-------- COLLECTED MATERIAL --------

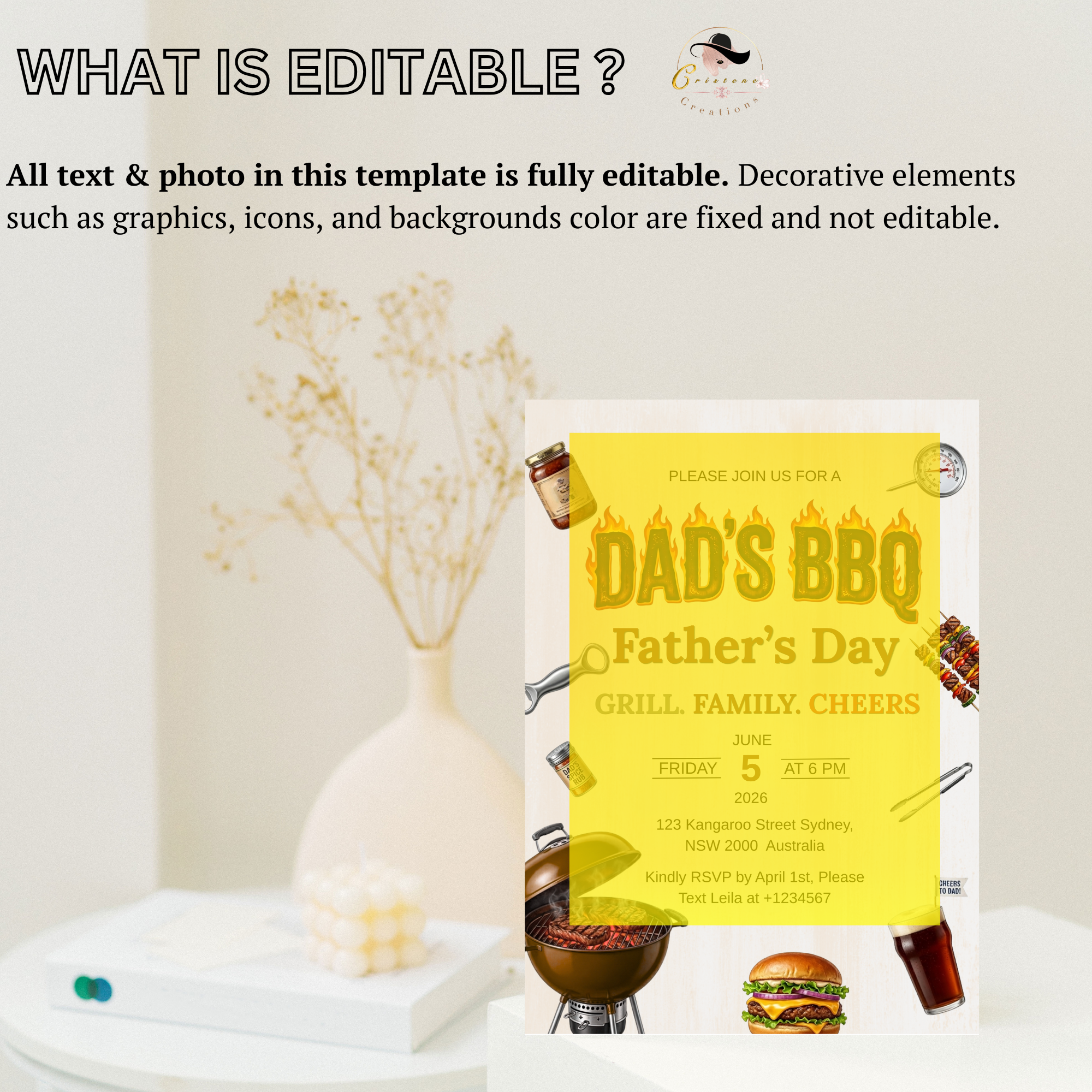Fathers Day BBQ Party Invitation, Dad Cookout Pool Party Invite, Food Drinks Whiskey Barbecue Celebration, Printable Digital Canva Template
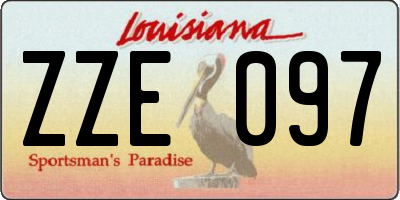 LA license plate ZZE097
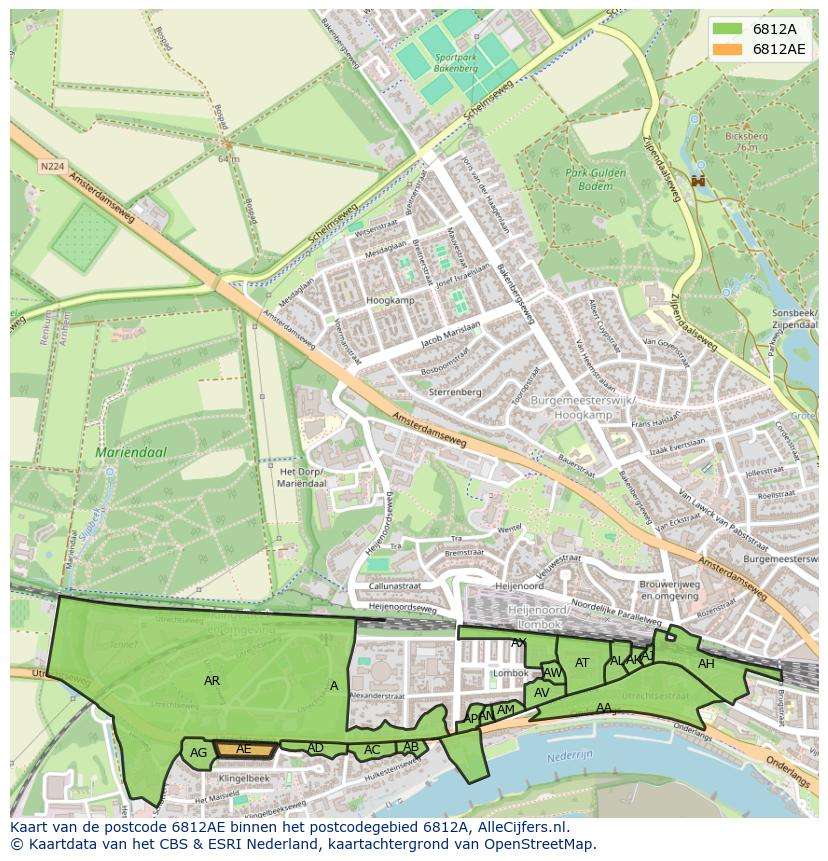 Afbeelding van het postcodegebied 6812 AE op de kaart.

--------

Would you restate, word for word, the lines from the one holding "LA license plate ZZE097" through the end of the material above? Omit the pictures.

TASK RESULT:
 LA license plate ZZE097
 Afbeelding van het postcodegebied 6812 AE op de kaart.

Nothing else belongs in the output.